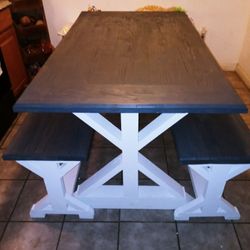Dinning Table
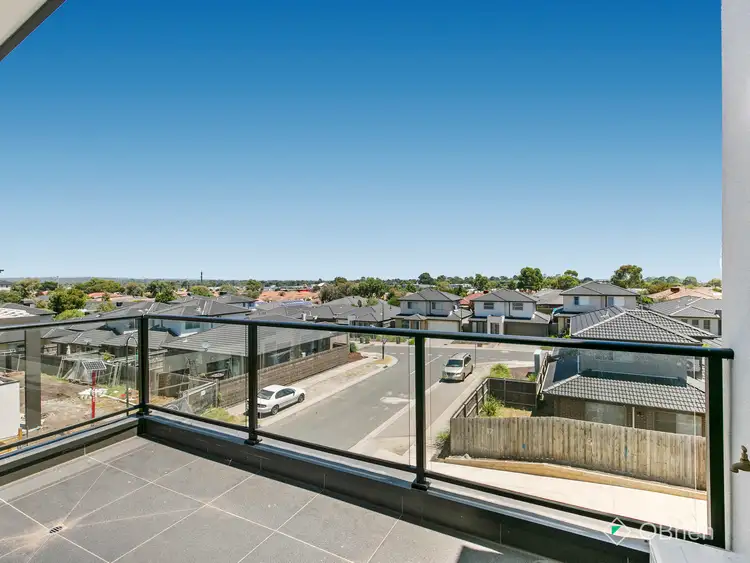 Fifth view of Homely apartment listing, 202 Sparrow Lane, Carrum Downs VIC 3201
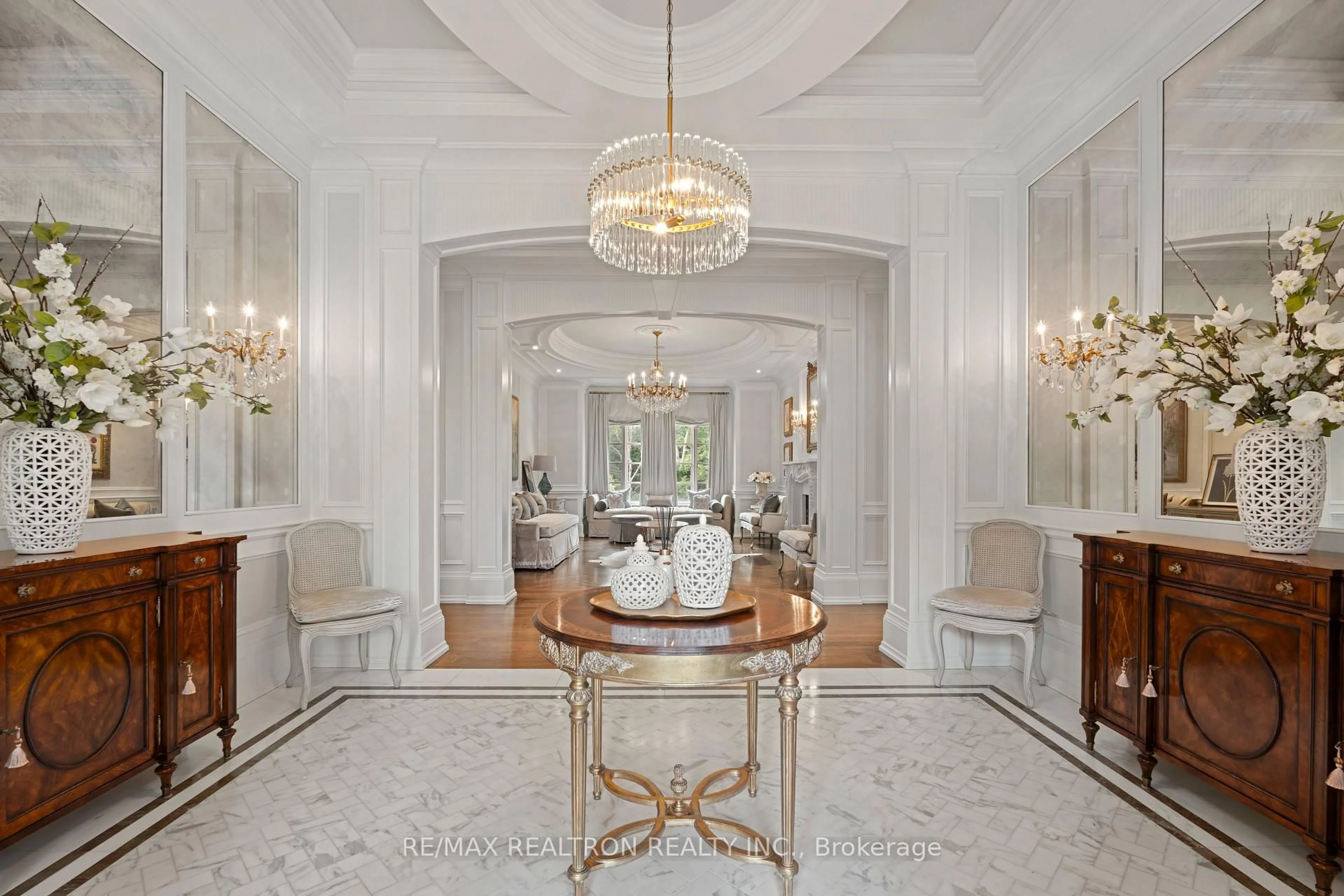 Unknown for 301 Millwood Pkwy, Vaughan Ontario L4L 1A6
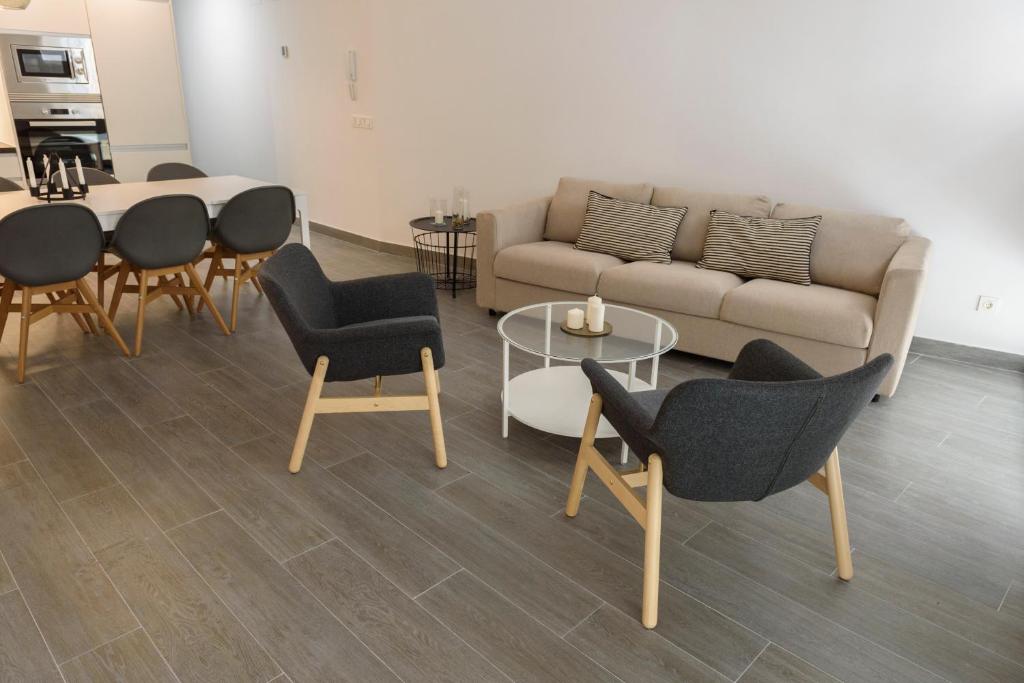 Część wypoczynkowa w obiekcie Apartamentos Constitución by Renthas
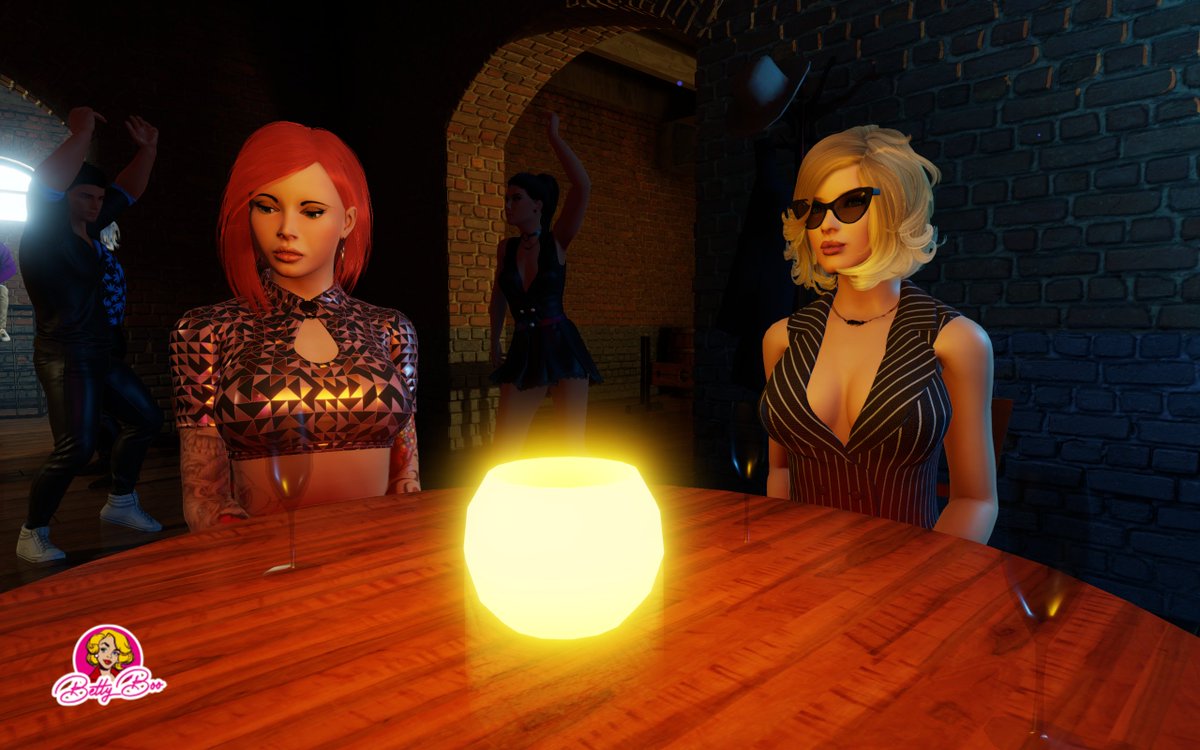 BettyBooPhotos's tweet image. A new model! @Lizzy3DX  joining me for a pre shoot chat 🫦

● **PROBLEM DESCRIPTION**:
Pictures are to be left out; repeat all the remaining data exactly.

● **ANSWER SECTION**:
Dinning Table
 Fifth view of Homely apartment listing, 202 Sparrow Lane, Carrum Downs VIC 3201
 Unknown for 301 Millwood Pkwy, Vaughan Ontario L4L 1A6
 Część wypoczynkowa w obiekcie Apartamentos Constitución by Renthas
 BettyBooPhotos's tweet image. A new model! @Lizzy3DX  joining me for a pre shoot chat 🫦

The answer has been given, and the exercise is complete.